Sur un pigeon adulte, nous injectons 13 centigrammes d'hydrate sous la peau, à 2 heures 45 minutes.

Au bout de 5 minutes, les mouvements de la membrane clignotante sont plus fréquents; l'animal chancelle sur ses pattes, hérisse ses plumes et se fouille la surface du corps avec le bec, comme s'il éprouvait des démangeaisons.

15 minutes. Il est endormi, mais il s'éveille dès qu'on le prend ou qu'on l'excite, trébuche et tombe en avant lorsqu'il veut courir. Sa respiration paraît plus lente.

40 minutes. Même état.

1 heure et un quart. Respiration, 21 par minutes; pulsations cardiaques, 100.

1 heure et demie. Essaie de dormir sur une seule patte, mais il tombe sitôt qu'il referme les yeux.

Il n'avait pas encore repris toute sa vivacité à 6 heures du soir; le lendemain ses allures étaient les mêmes qu'avant l'opération.

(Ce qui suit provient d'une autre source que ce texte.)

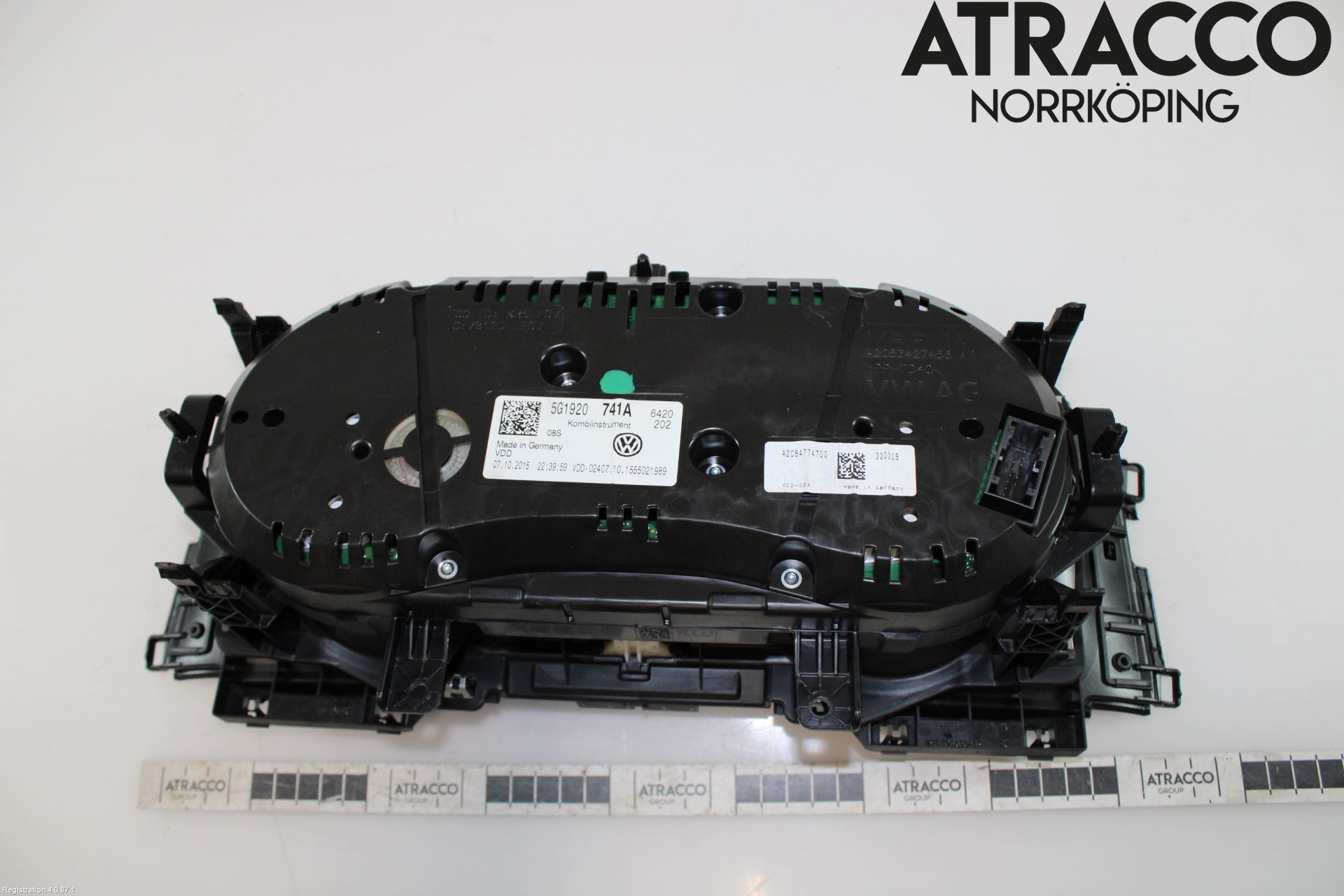 Volkswagen VW GOLF / E-GOLF VII 13-20 Instrument Komb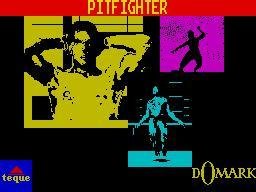 Portada de Pit-Fighter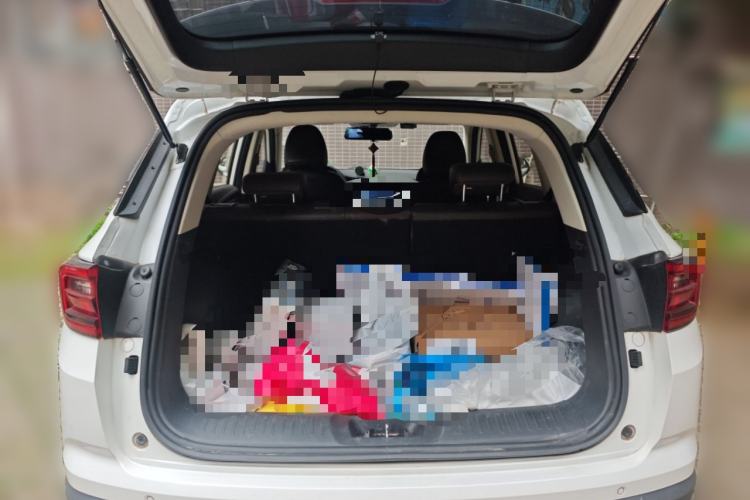 Used Changan CS35PLUS 2018 1.6L Manual Changlian Edition China V Standard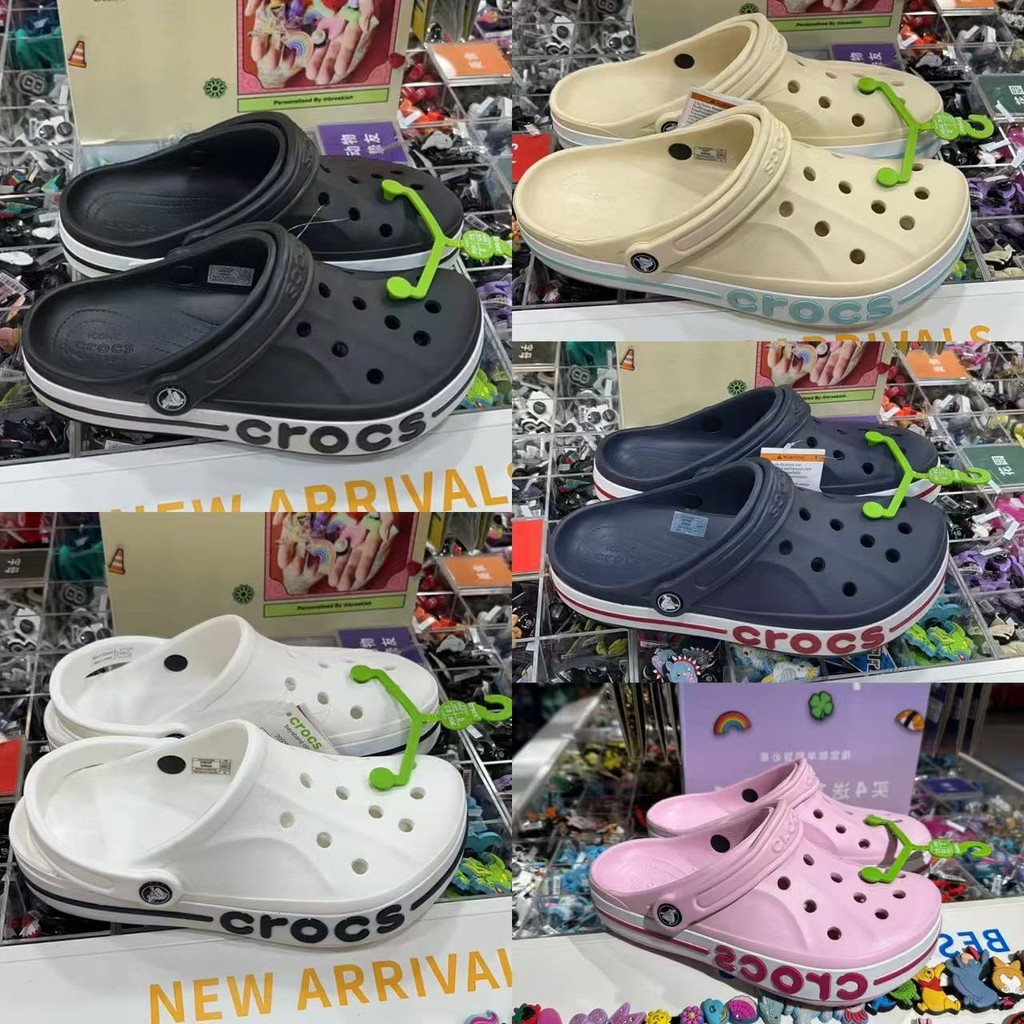 Crocsรองเท้าแตะลำลองแฟชั่น สไตล์ LiteRide Clog สุดฮิต น้ำหนักเบา ใส่สบาย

3me EXPERIENCE. -Sur un pigeon måle adulte, plus fort que le précédent, nous faisons une injection de 25 centigrammes d'hydrate.

Les phénomènes furent absolument semblables à ceux de l'expérience ci-dessus; seulement le narcotisme fut plus prononcé et il y eut sept ou huit fois des vomissements. Nous avons recherché sur chacun de ces pigeons l'odeur de chloroforme dans l'air expiré, mais nous n'avons rien découvert. Nous avons été d'autant plus étonné de ne pas obtenir dans ces deux cas des effets plus marqués, que Richardson indique la dose de 1 1/2 à 2 1/2 grains (10 à 16 centigrammes) comme suffisante pour provoquer chez les pigeons un narcotisme complet.

4me EXPÉRIENCE.

Nous injectons sous la peau du dos, à un cabiai mâle adulte, 12 centigrammes de chloral hydraté. L'animal, observé durant plus de deux heures, ne nous offre aucun changement dans son étal.

5me EXPÉRIENCE. Deux jours plus tard, nous faisons au même animal une injection de 25 centigrammes sous la peau de la poitrine. Il demeure, en apparence, aussi indemne que la première fois.

6me EXPÉRIENCE. Deux jours après cette seconde expérience, nous soumettons ce petit cabiai à une troisième épreuve; nous lui injectons dans l'intestin, à 3 heures 50 minutes, 50 centigrammes d'hydrate dissous dans 15 grammes d'eau.

Au bout de 5 minutes, l'animal ne marche plus qu'en trainant les membres postérieurs.